→ WHAT TO WORK ON
Leaving out the pictures, output the lines from the one that contains "Внедорожник / Кроссовер" through the end of the material, exactly as they stand.

<<<<

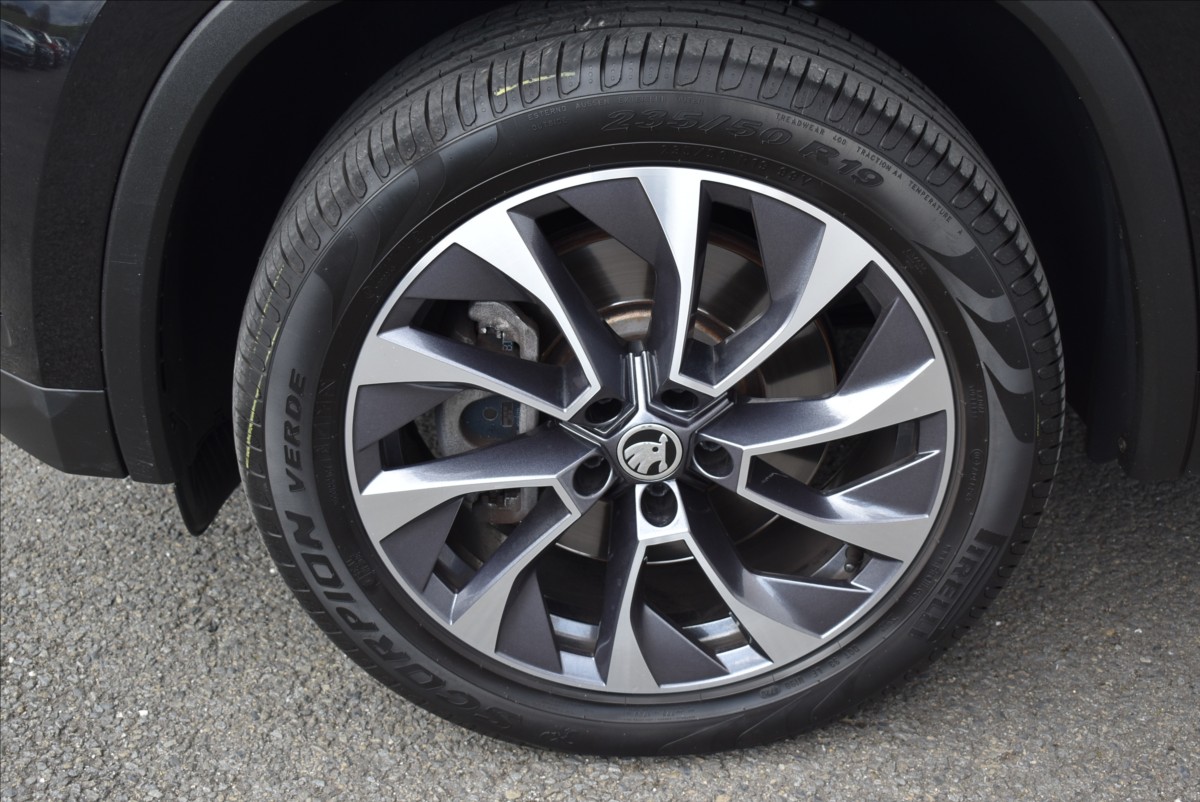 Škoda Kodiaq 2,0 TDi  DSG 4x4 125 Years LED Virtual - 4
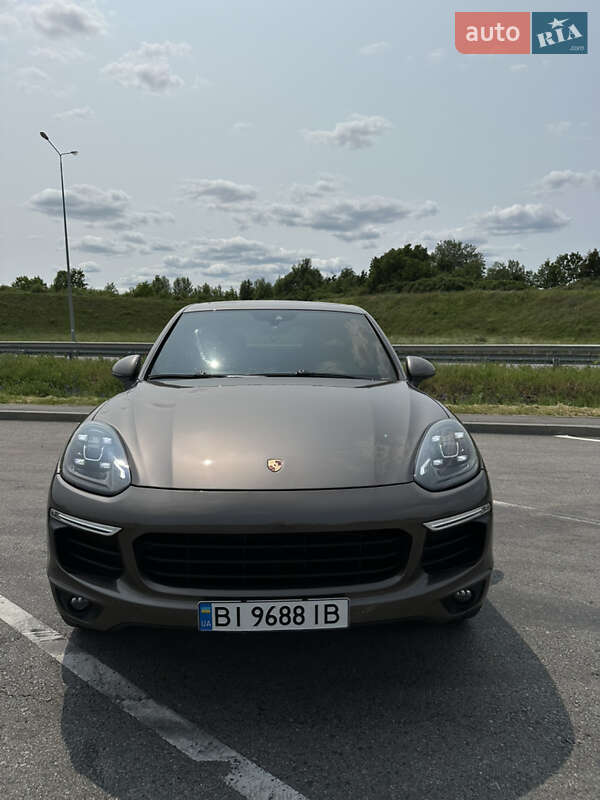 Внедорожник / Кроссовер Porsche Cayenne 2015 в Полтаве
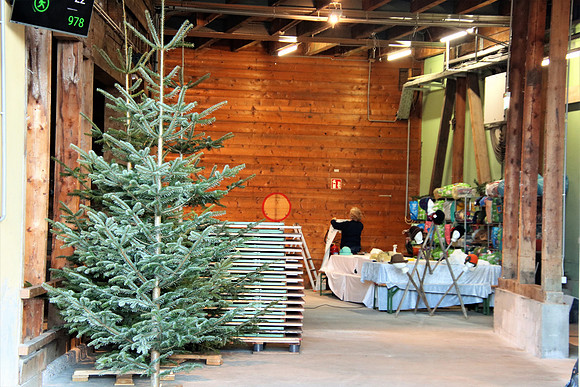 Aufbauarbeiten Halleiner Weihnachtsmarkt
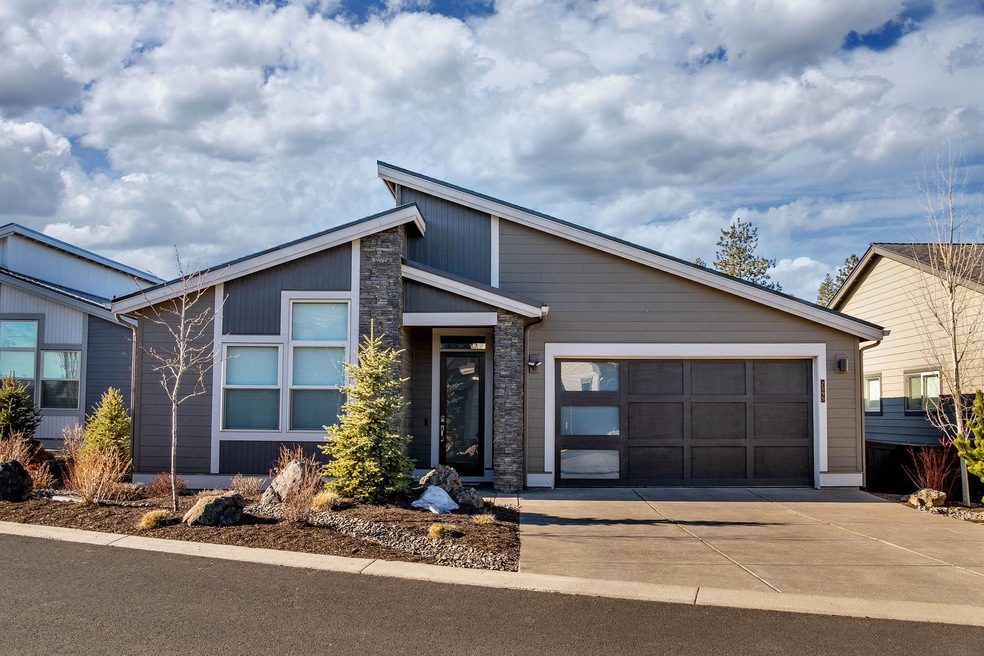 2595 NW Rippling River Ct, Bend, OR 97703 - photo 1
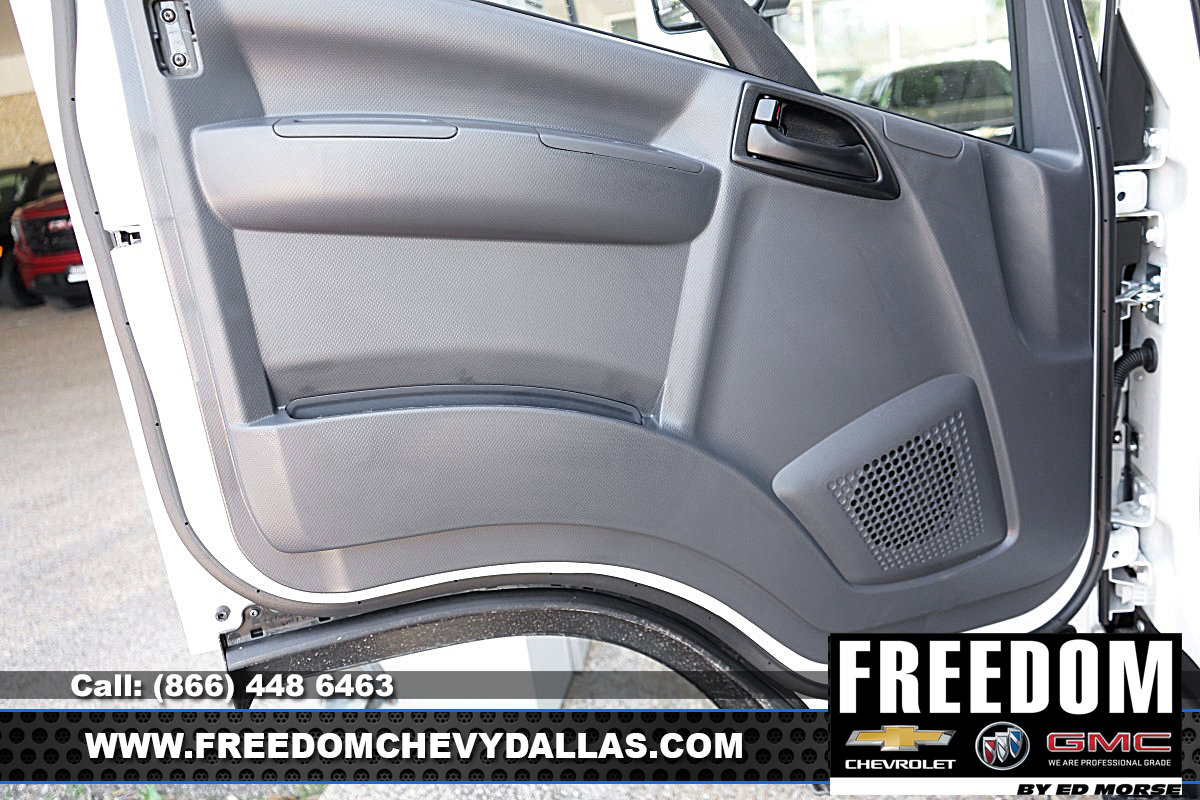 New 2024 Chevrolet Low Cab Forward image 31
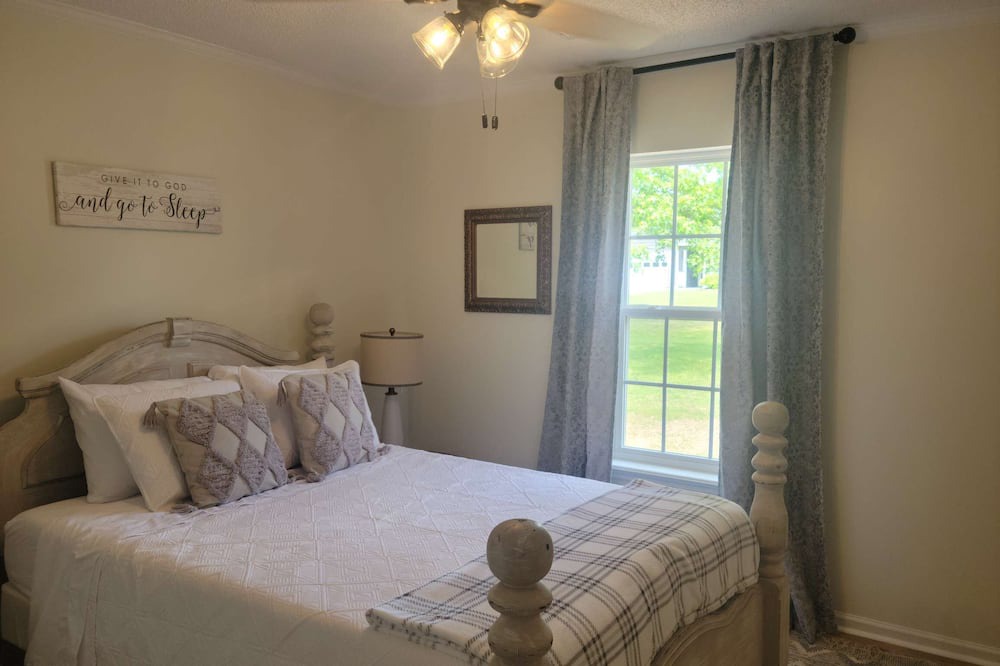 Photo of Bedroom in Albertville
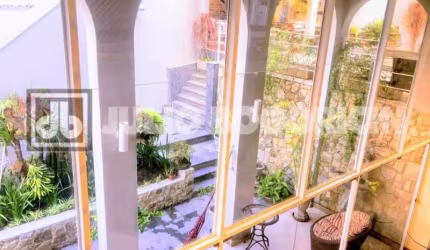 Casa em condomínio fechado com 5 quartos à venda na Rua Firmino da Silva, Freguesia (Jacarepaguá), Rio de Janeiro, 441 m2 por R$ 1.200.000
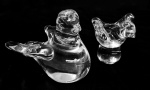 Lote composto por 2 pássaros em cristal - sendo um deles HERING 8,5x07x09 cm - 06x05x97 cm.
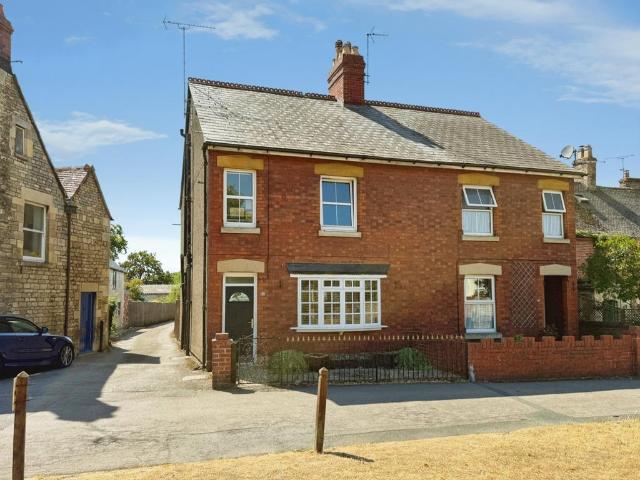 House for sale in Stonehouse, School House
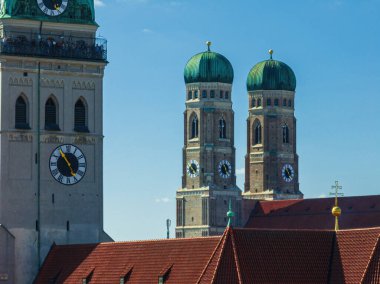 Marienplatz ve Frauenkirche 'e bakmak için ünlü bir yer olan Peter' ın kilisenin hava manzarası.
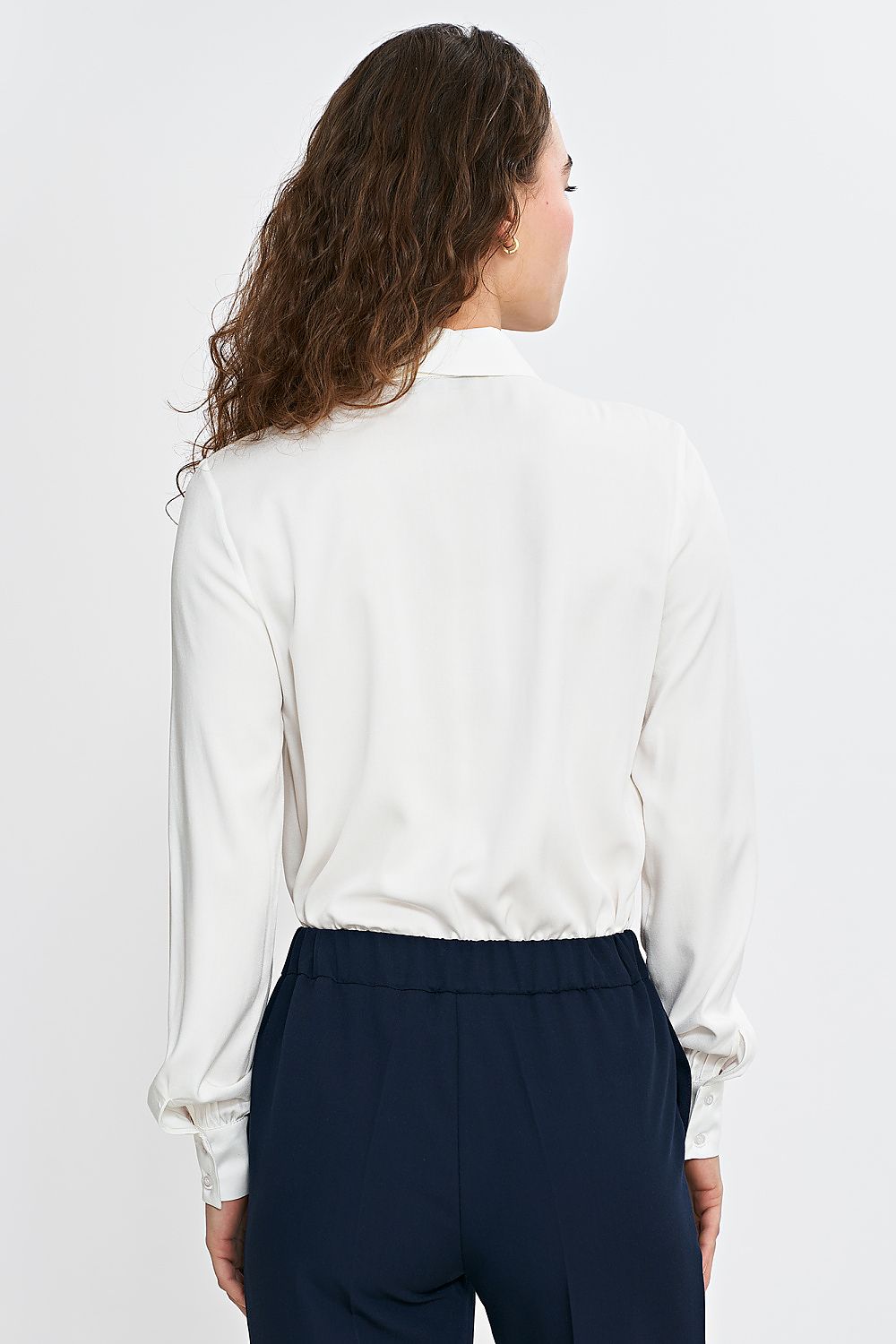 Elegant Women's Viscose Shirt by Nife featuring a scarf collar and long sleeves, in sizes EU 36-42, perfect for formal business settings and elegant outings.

>>>>

→ ANSWER BOX
 Внедорожник / Кроссовер Porsche Cayenne 2015 в Полтаве
 Aufbauarbeiten Halleiner Weihnachtsmarkt
 2595 NW Rippling River Ct, Bend, OR 97703 - photo 1
 New 2024 Chevrolet Low Cab Forward image 31
 Photo of Bedroom in Albertville
 Casa em condomínio fechado com 5 quartos à venda na Rua Firmino da Silva, Freguesia (Jacarepaguá), Rio de Janeiro, 441 m2 por R$ 1.200.000
 Lote composto por 2 pássaros em cristal - sendo um deles HERING 8,5x07x09 cm - 06x05x97 cm.
 House for sale in Stonehouse, School House
 Marienplatz ve Frauenkirche 'e bakmak için ünlü bir yer olan Peter' ın kilisenin hava manzarası.
 Elegant Women's Viscose Shirt by Nife featuring a scarf collar and long sleeves, in sizes EU 36-42, perfect for formal business settings and elegant outings.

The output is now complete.